*Problem description*:
The required answer is an exact copy of every line from the beginning of the entries through the line with "A moody grey", with all pictures omitted.

Image-caption web data
* * * * * * *

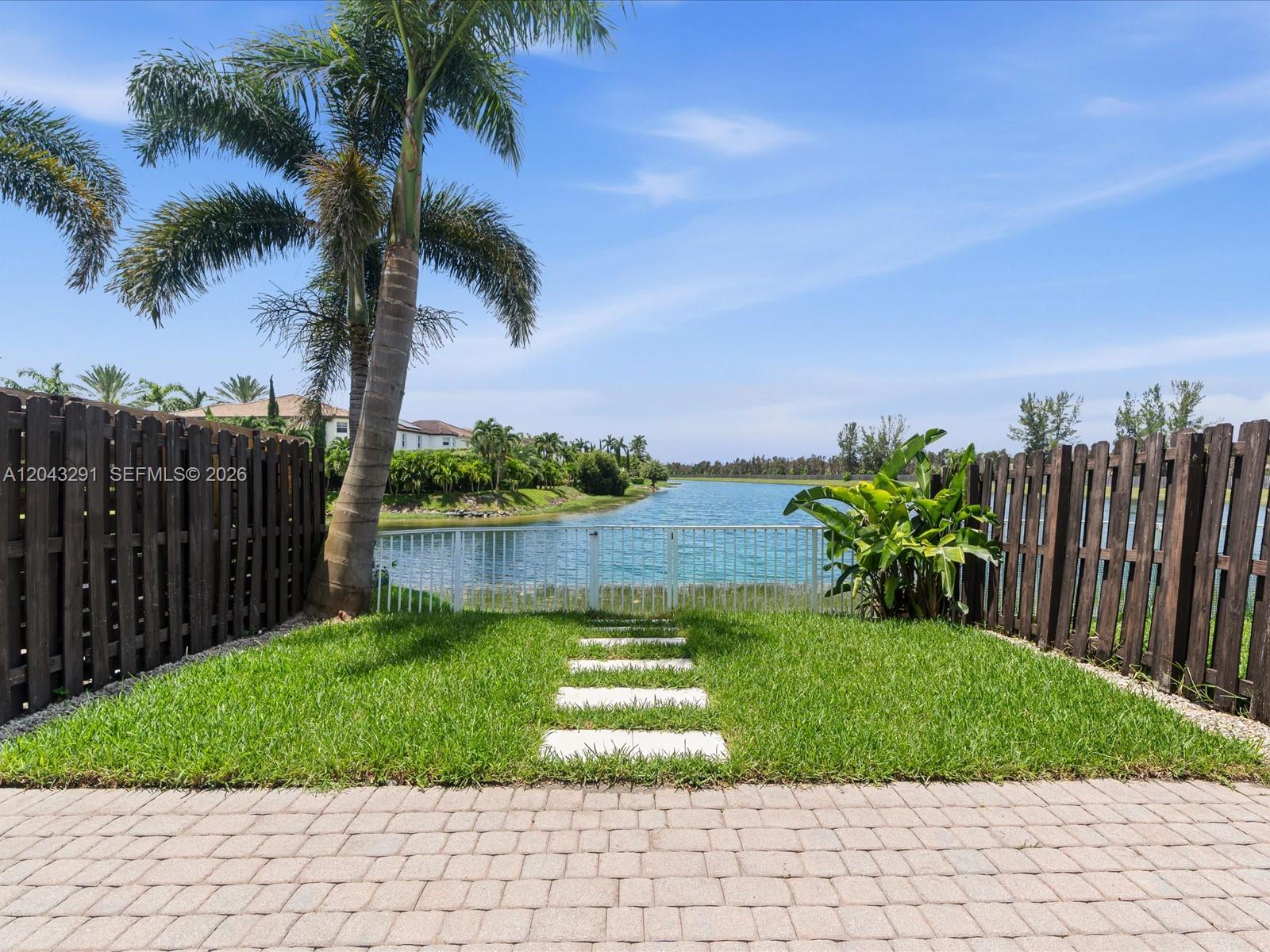 A backyard features a stone path leading to a white gate overlooking a lake — 11628 NW 87th Ln # 11628, Doral FL 33178, DORAL, FL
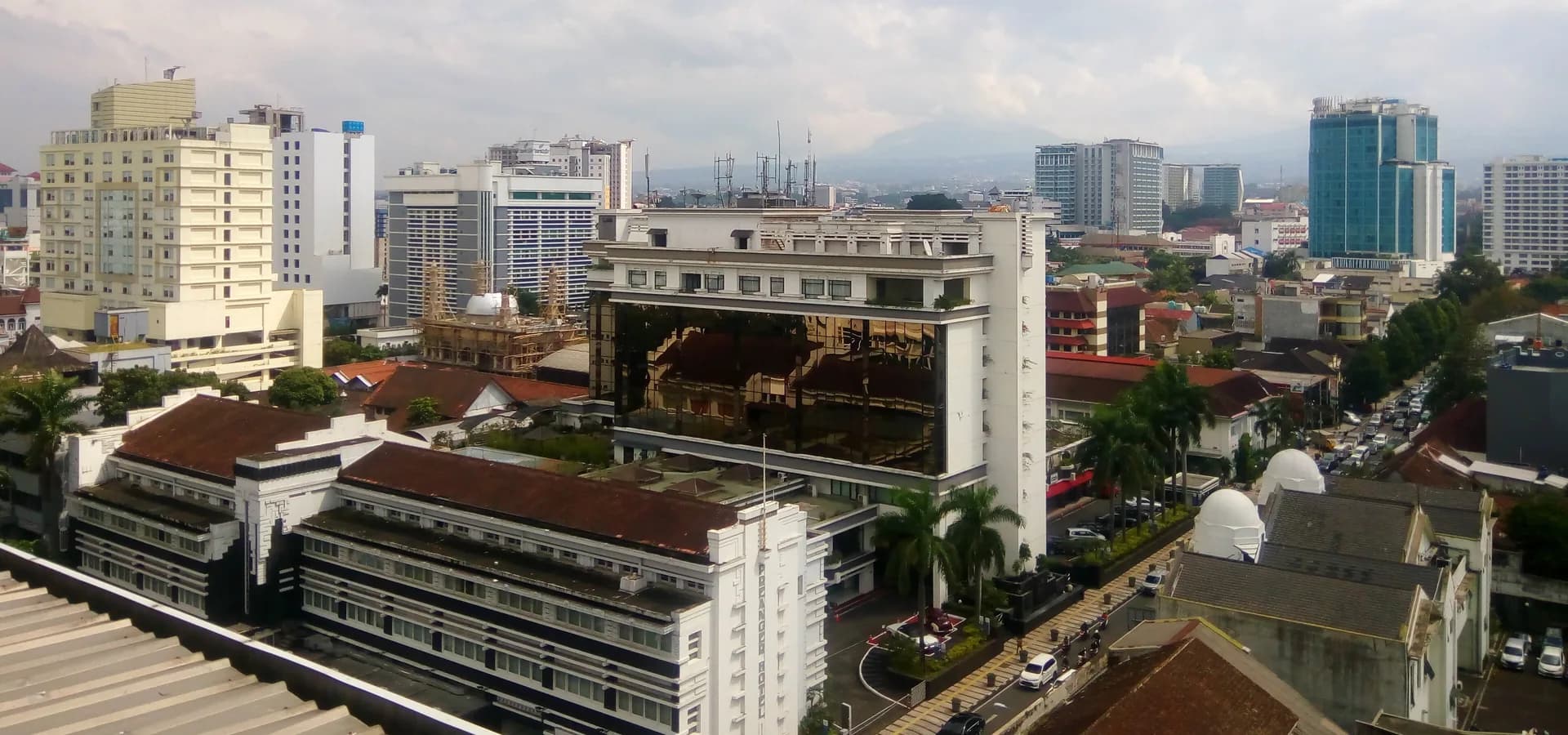 Rooftop view over central Bandung, the Art Deco Preanger hotel among towers with green hills under clouds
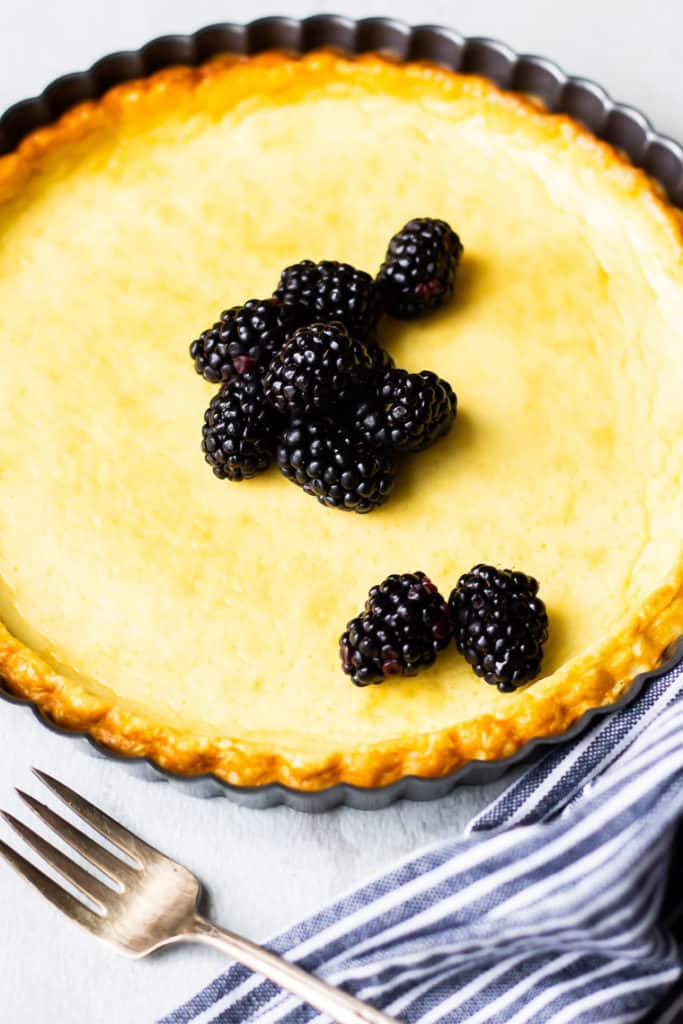 Close up of a crustless baked cheesecake topped with blackberries with a fork and part of a blue and white striped napkin in the foreground over a white background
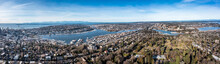 Seattle, Washington - Jan. 2023, Panoramic Aerial Landscape View Of The Area Around Lake Union And Lake Washington In Seattle With Space Needle And Snow Covered Mountains In Background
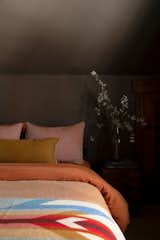 A moody grey neutral wall allows the guest bedrooms fabrics a place to shine through bright sheets from Parachute, throws from Pendleton, and accent various pillows.
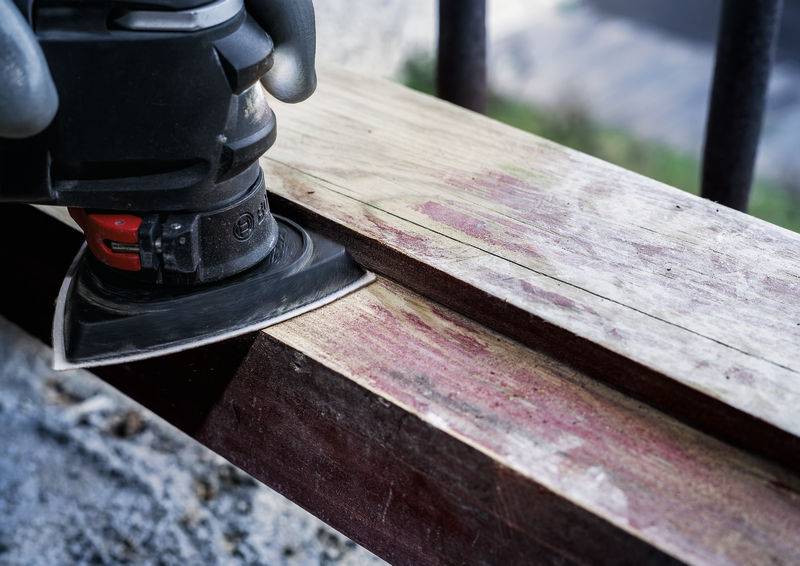 Une machine à poncer traite une pièce de bois allongée afin de lisser sa surface.
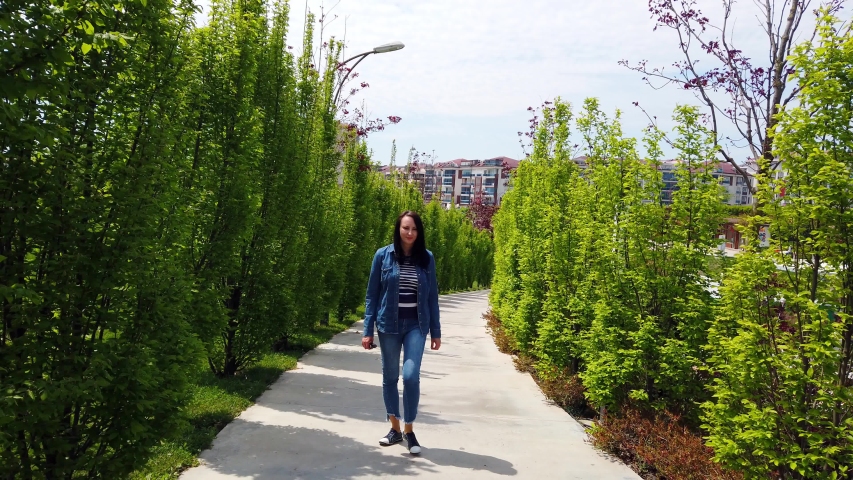 young woman with long dark hair in denim shirt and jeans walks along alley in city park. Sunny summer day. Gray asphalt road. Green alley of coniferous trees.
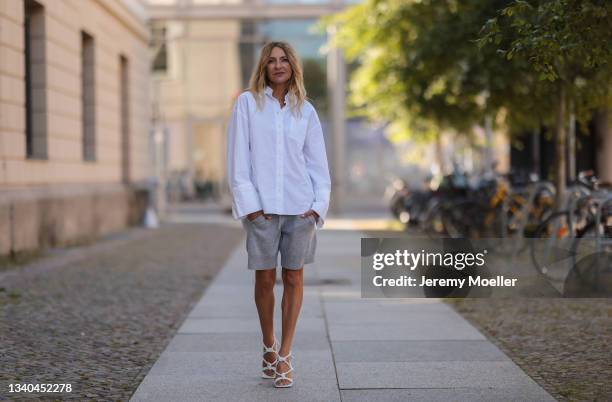 Sue Giers wearing Bottega Veneta white sandals, SoSue white blouse and grey shorts on September 09, 2021 in Berlin, Germany.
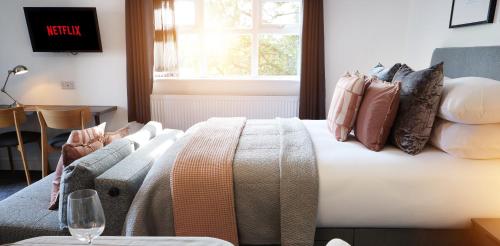sypialnia z łóżkiem, kanapą i oknem w obiekcie The Woden Boutique Hotel Walsall M6 J9 w mieście Walsall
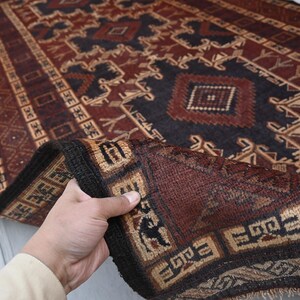 May include: A hand-woven rug with a geometric pattern in shades of burgundy, navy, and tan. The rug features a central design with diamond and rectangular shapes, and a border with repeating motifs. The rug is folded over, revealing the intricate details of the weave.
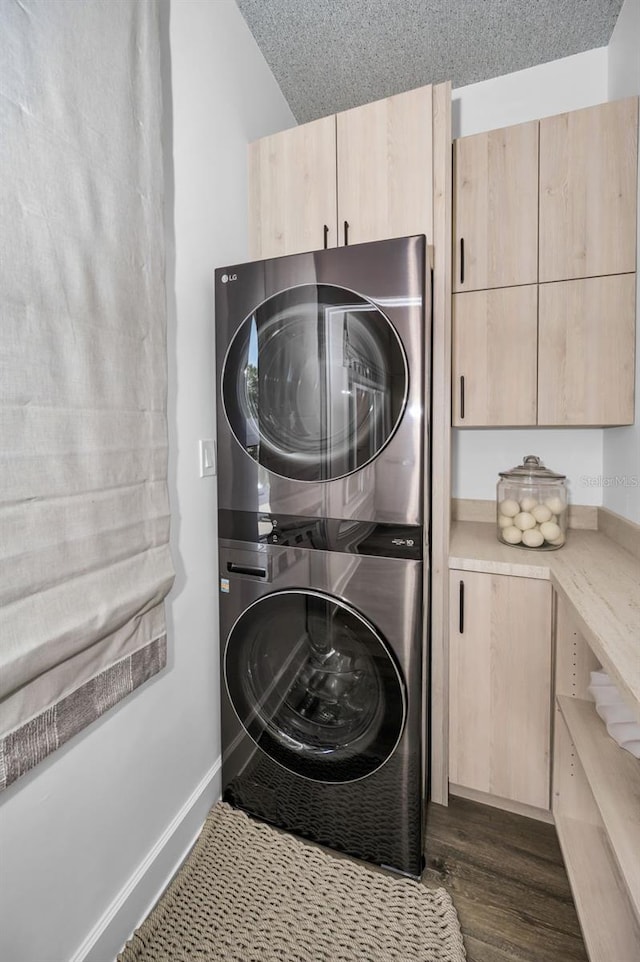 washroom with stacked washer and dryer, dark wood-type flooring, cabinets, and a textured ceiling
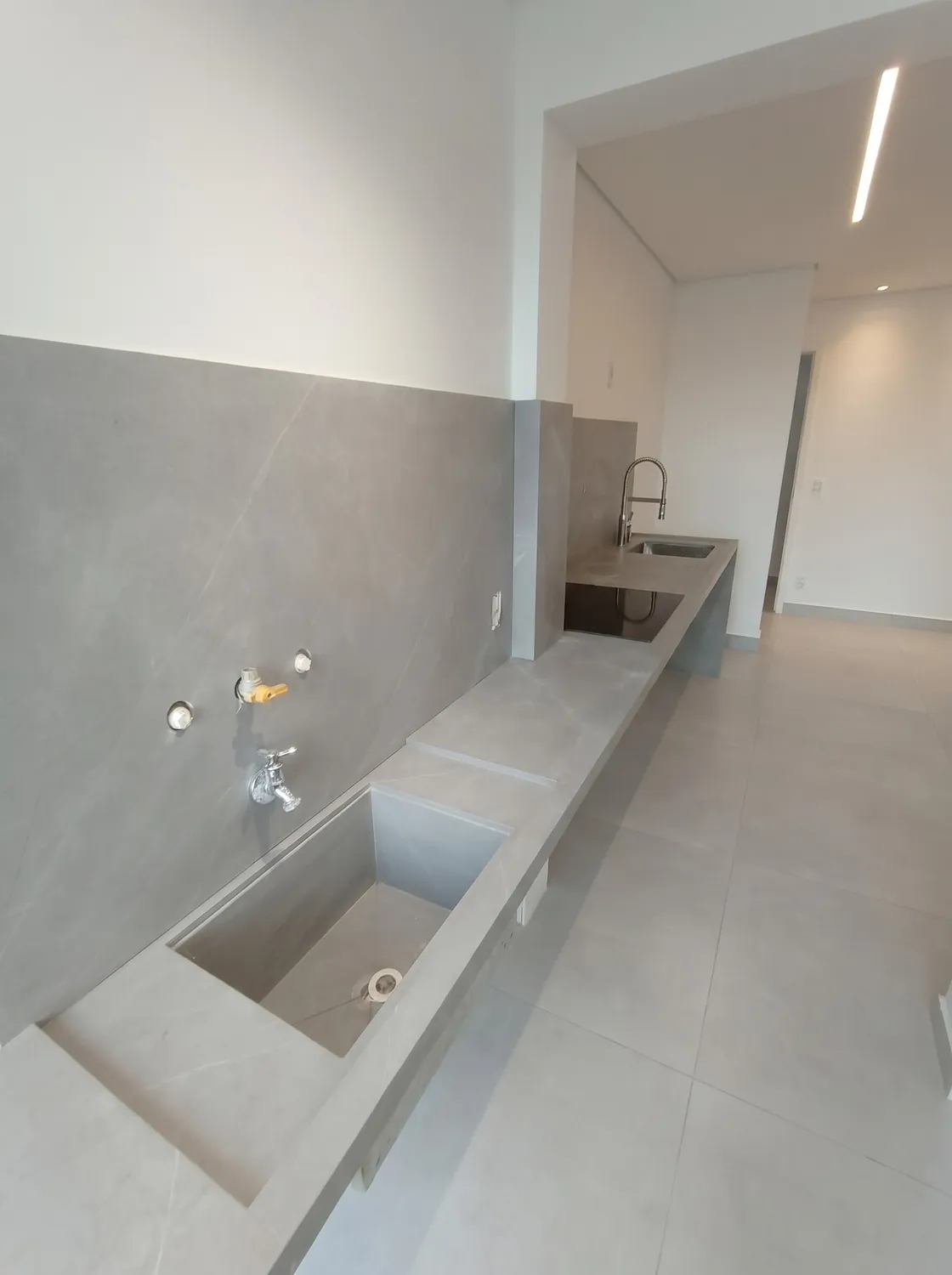 Apartamento em lâmina cinza em pedra natural: Bancada com cuba esculpida na própria lâmina
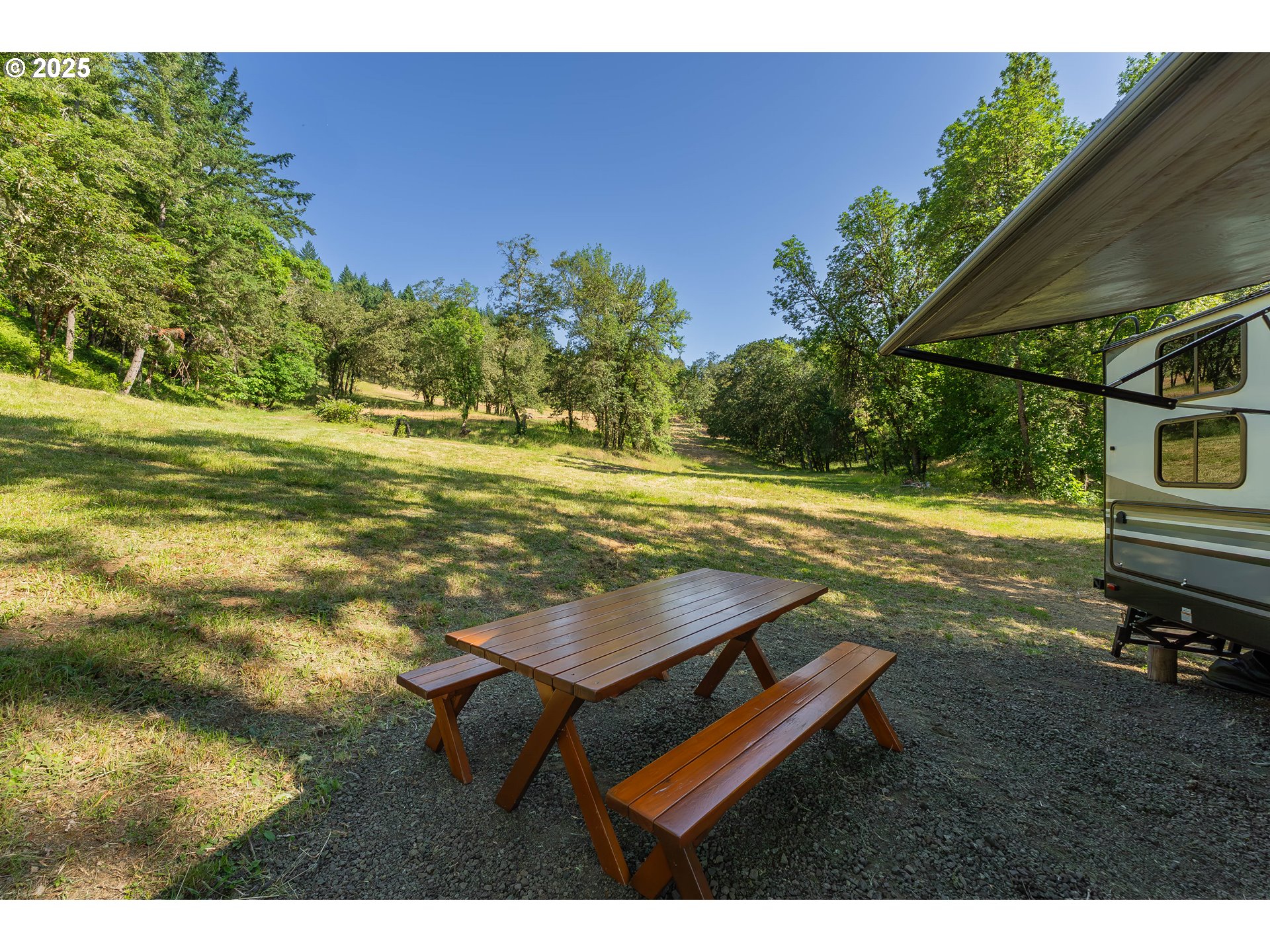 1180 Upper Cleveland Rapids Road Roseburg, OR 97471 - Photo 12 of 42 a view of a backyard with lawn chairs under an umbrella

* * * * * * *

*Output below*:
 A backyard features a stone path leading to a white gate overlooking a lake — 11628 NW 87th Ln # 11628, Doral FL 33178, DORAL, FL
 Rooftop view over central Bandung, the Art Deco Preanger hotel among towers with green hills under clouds
 Close up of a crustless baked cheesecake topped with blackberries with a fork and part of a blue and white striped napkin in the foreground over a white background
 Seattle, Washington - Jan. 2023, Panoramic Aerial Landscape View Of The Area Around Lake Union And Lake Washington In Seattle With Space Needle And Snow Covered Mountains In Background
 A moody grey neutral wall allows the guest bedrooms fabrics a place to shine through bright sheets from Parachute, throws from Pendleton, and accent various pillows.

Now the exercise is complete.